The Kingdom, Op. 51, is an English-language oratorio composed in 1906 by Edward Elgar. It was first performed at the Birmingham Music Festival on 3 October 1906, with the orchestra conducted by the composer, and soloists Agnes Nicholls, Muriel Foster, John Coates and William Higley. The dedication is "A. M. D. G." Elgar wrote The Kingdom for choral and instrumental forces.
Following The Dream of Gerontius and The Apostles, the Birmingham Triennial Music Festival commissioned Elgar to produce another large oratorio for the 1906 festival. This was The Kingdom, which continues the narrative of the lives of Jesus's disciples. It depicts the community of the early church, Pentecost, and the events of the next few days.

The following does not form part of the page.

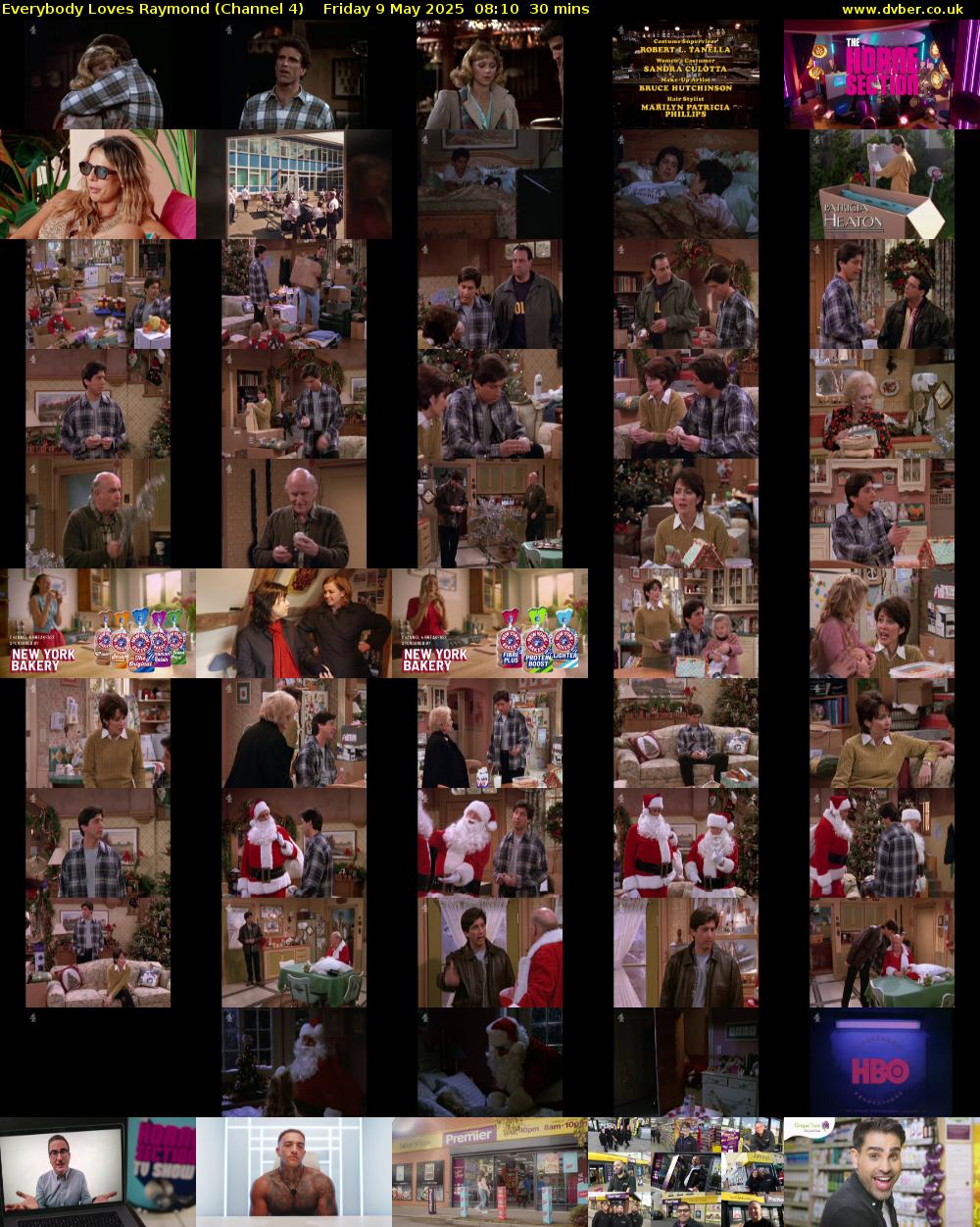Everybody Loves Raymond (Channel 4) Friday 9 May 2025 08:10 - 08:40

Elgar had been planning a work depicting the Apostles as ordinary men, reacting to extraordinary events, for many years. His ideas outgrew the confines of a single work: parts of The Kingdom were written before The Apostles, and later Elgar considered them as the first two parts of a trilogy. The Kingdom is, in effect, its slow movement. In the event, the projected third part was never written.
The Kingdom is written for a large orchestra, of typical late Romantic proportions. There is a double chorus with semichorus, and four soloists representing: The Blessed Virgin (soprano), Mary Magdalene (contralto), St John (tenor), and St Peter (bass).